Plum pox virus sampling progress

Editor’s note: This article is from the archives of the MSU Crop Advisory Team Alerts. Check the label of any pesticide referenced to ensure your use is included.

Following the discovery of plum pox virus (PPV) on a plum tree at the SW Michigan Research and Extension Center in late July 2006, all susceptible trees at SWMREC were tested by ELISA. The original plum tree is still the only positive for SWMREC. The positive tree has been destroyed.

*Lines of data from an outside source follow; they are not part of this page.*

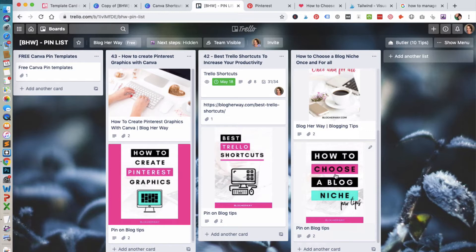It makes it really nice, especially visually, to use Trello this way because you can visually see all of the Pinterest images that you've added.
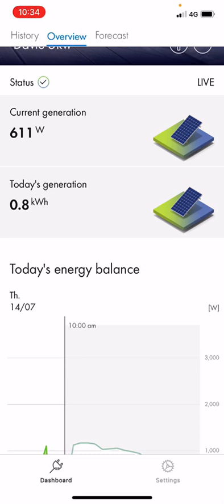Please also remember: if your system is over the five kilowatt inverter and you were installed post March 14th 2022, your system is export limited. So your today's generation is dictated by how much power you are using, as your system will ramp down if you're not using power.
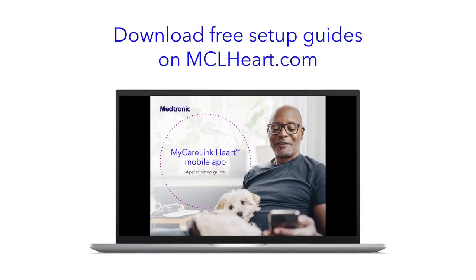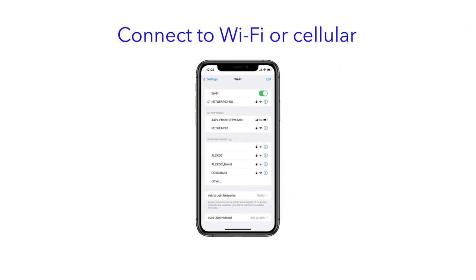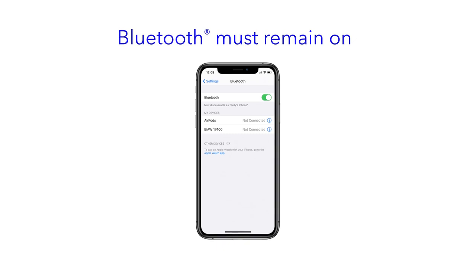You can download free setup guides on mclheart.com. You will also need to make sure that your smartphone or tablet has a Wi-Fi or cellular connection. Finally, please ensure that your smartphone or tablet has Bluetooth turned on. Bluetooth must always remain on for the MyCareLink heart mobile app to securely send your heart device data to your clinic.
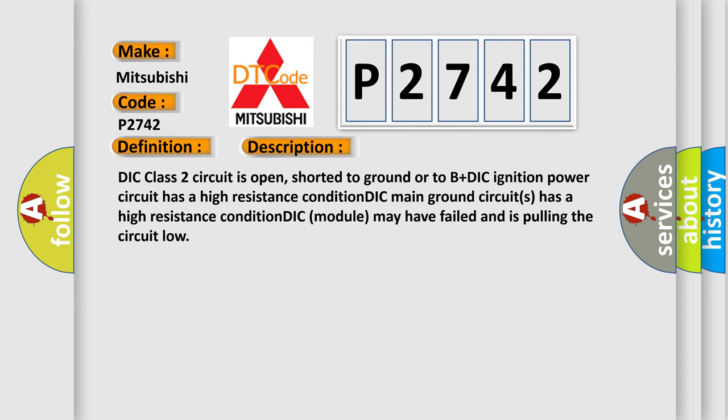DIC class 2 circuit is open, shorted to ground or to B plus. DIC ignition power circuit has a high resistance condition. DIC main ground circuits has a high resistance condition. DIC module may have failed and is pulling the circuit low. The airbag reset website aims to provide information in 52 languages.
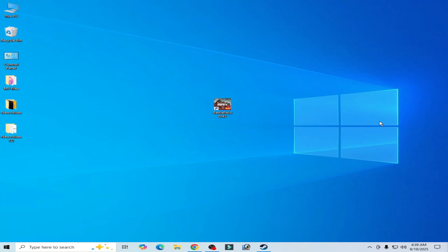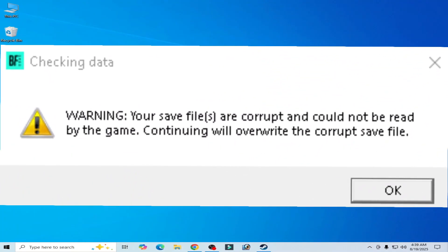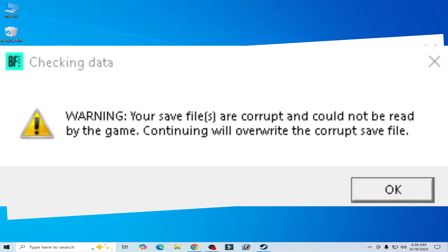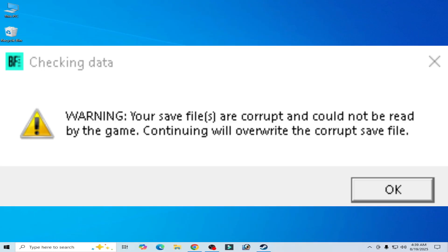How to fix Battlefield 2042 save file error: your save files are corrupted and could not be read by the game. Let's get started.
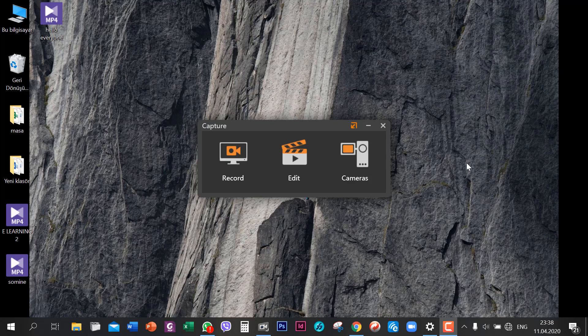Hi everyone, today I'm going to show you how to use the edit part of the capture program. After downloading and opening the app, you'll see this on your screen.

USDA and MDA staff are surveying outward in a two-mile radius and will continue to survey out toward a 5-mile radius until frost or leaf senescence prohibits any further sampling.
Approximately 33,000 samples have been collected to date on this project. The trace forward / trace back investigation is on-going. The source of the PPV in the positive tree at SWMREC is still unknown.

PPV is a plant disease affecting stone fruits, including plums, peaches, nectarines and apricots, but the strain D, the only one found North America, does not affect cherries. The virus distorts and discolors fruit, reduces yield and shortens tree life, but poses no threat to human or animal health.

Elsewhere, the USDA’s National Plant Germplasm and Biotechnology Laboratory in Beltsville, Maryland, using ELISA testing, on July 17, 2006, confirmed the presence of the PPV on two plum tree samples in New York’s Niagara County. On August 21, a sample from a peach tree 11 miles east of the first New York finding was also confirmed positive for PPV.